After the U.S. Capitol riot, Twitter Inc. banned President Trump’s social-media account. Publisher Simon & Schuster canceled publication of a book by Sen. Josh Hawley (R., Mo.), who led a challenge to the Electoral College’s presidential-race results, and Airbnb Inc. said it would block people involved in the violence from booking rooms. Stripe Inc. stopped processing direct payments from Mr. Trump’s campaign website.
Companies from Marriott International Inc. to Walmart Inc. paused donations to dozens of Republican lawmakers who voted against certifying the Electoral College votes, with some others demanding refunds.
“Words alone are not enough. We are committed to action,” wrote Dow Inc. CEO Jim Fitterling in a memo telling employees that the chemical maker was halting political giving to any Republicans who objected to certifying President-elect Joe Biden’s win for an election cycle—two years for House members and up to six for senators.
It was a far cry from the days when companies strove to appear apolitical, embodying—if not always living up to—the late economist Milton Friedman’s view that “the business of business is business.”

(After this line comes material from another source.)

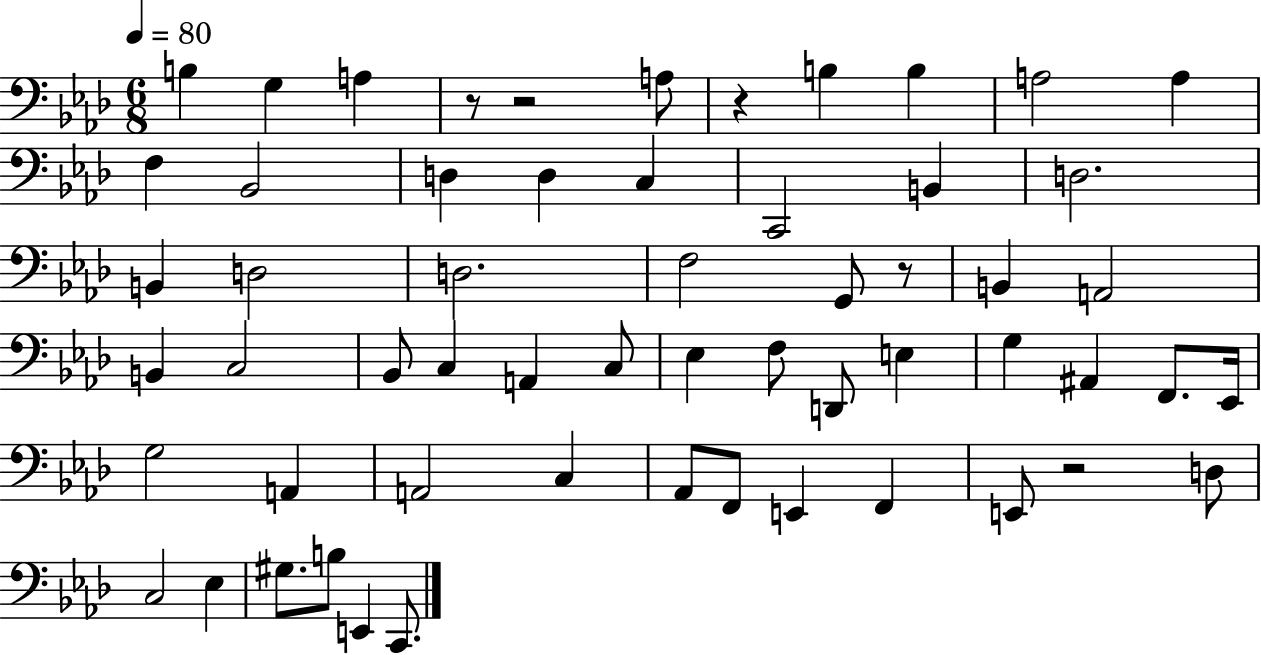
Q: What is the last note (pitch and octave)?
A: C2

“We’re seeing a convergence of social issues that used to be outside the domain of what business executives would comment on,” said Judy Samuelson, founder and executive director of the Business and Society Program at the Aspen Institute, a think tank, and author of “The Six New Rules of Business,” which addresses such shifts. “The rule of thumb was if there’s not a direct connection back to our business model or something that we hold dear, it’s basically we stay away from politics.”